DATA SECTION
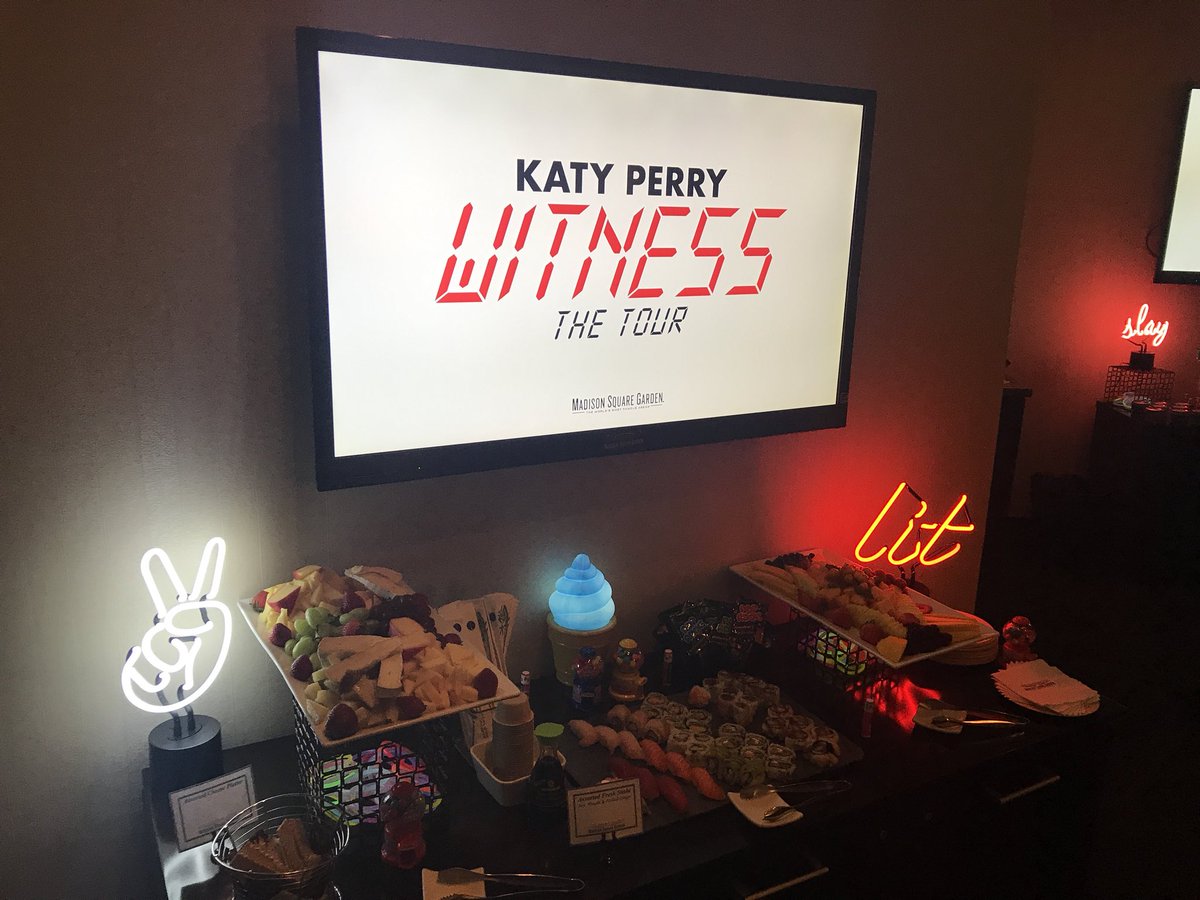 Z100NewYork's tweet photo. Tonight is 🔥 #KatyPerryMSG #WitnessTheTour @TheGarden!! Follow our @instagram story too for backstage moments! https://t.co/FYjdT01g2r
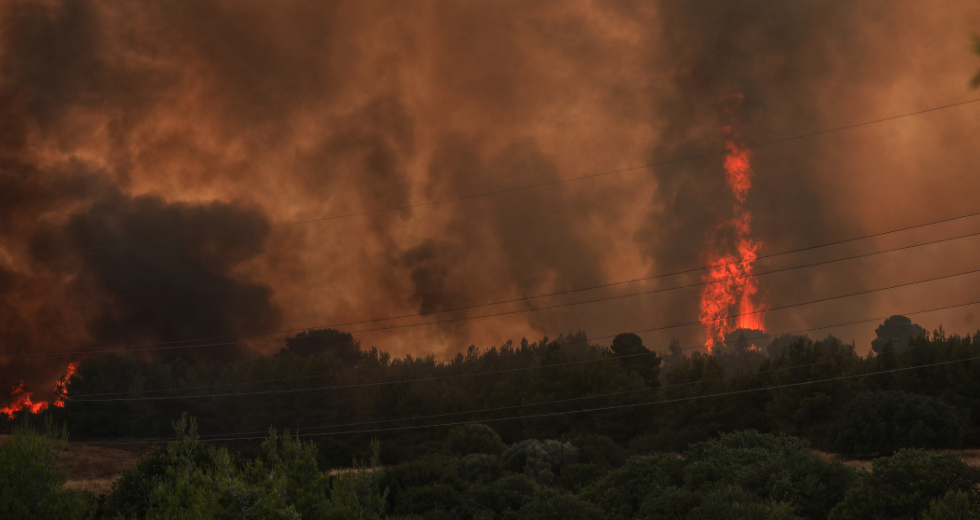 Εκτός ελέγχου η φωτιά στη Βαρυμπόμπη – Απομακρύνονται κάτοικοι, καίγονται σπίτια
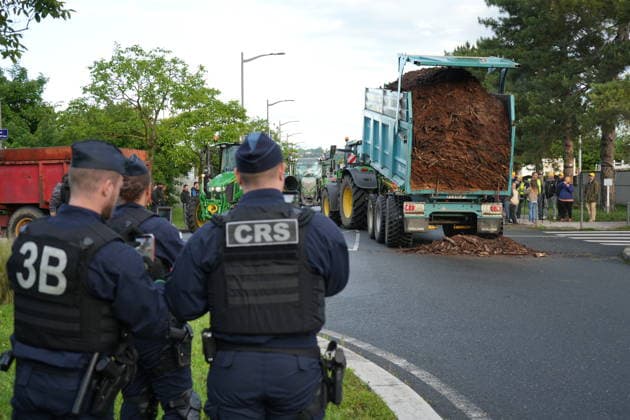 Farmers demonstration in front of the Feyzin refinery near Lyon LYON, FRANCE - MAY 11: French farmers stage a protest near the Feyzin oil refinery south of Lyon, demanding a cut in prices for non-road diesel fuel used in agriculture in France on May 11, 2026. Dozens of farmers, including members of the Coordination Rurale union and independent producers, gathered near the refinery and fuel depot in Feyzin. Protesters described the action as a semi-blockade and said they wanted to draw attention to soaring fuel costs weighing on the farming sector. Mathieu Prudhomme Anadolu Lyon France. Editorial use only. Please get in touch for any other usage.  Copyright: x2026xAnadoluxMathieuxPrudhommex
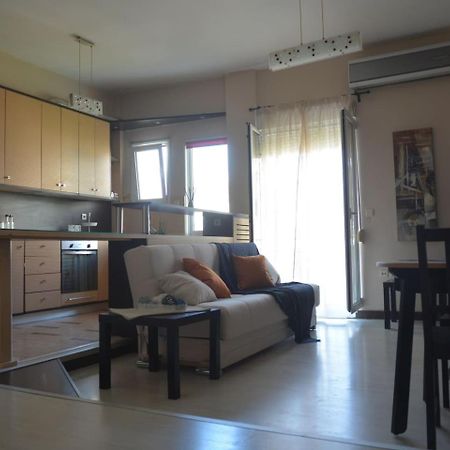 Modern Apartment, 5΄ Walk From Central Metro Station เอเธนส์ ภายนอก รูปภาพ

EXERCISE
Your reply should consist of the data, transcribed exactly, and should hold no pictures.

WORKED SOLUTION
 Z100NewYork's tweet photo. Tonight is 🔥 #KatyPerryMSG #WitnessTheTour @TheGarden!! Follow our @instagram story too for backstage moments! https://t.co/FYjdT01g2r
 Εκτός ελέγχου η φωτιά στη Βαρυμπόμπη – Απομακρύνονται κάτοικοι, καίγονται σπίτια
 Farmers demonstration in front of the Feyzin refinery near Lyon LYON, FRANCE - MAY 11: French farmers stage a protest near the Feyzin oil refinery south of Lyon, demanding a cut in prices for non-road diesel fuel used in agriculture in France on May 11, 2026. Dozens of farmers, including members of the Coordination Rurale union and independent producers, gathered near the refinery and fuel depot in Feyzin. Protesters described the action as a semi-blockade and said they wanted to draw attention to soaring fuel costs weighing on the farming sector. Mathieu Prudhomme Anadolu Lyon France. Editorial use only. Please get in touch for any other usage.  Copyright: x2026xAnadoluxMathieuxPrudhommex
 Modern Apartment, 5΄ Walk From Central Metro Station เอเธนส์ ภายนอก รูปภาพ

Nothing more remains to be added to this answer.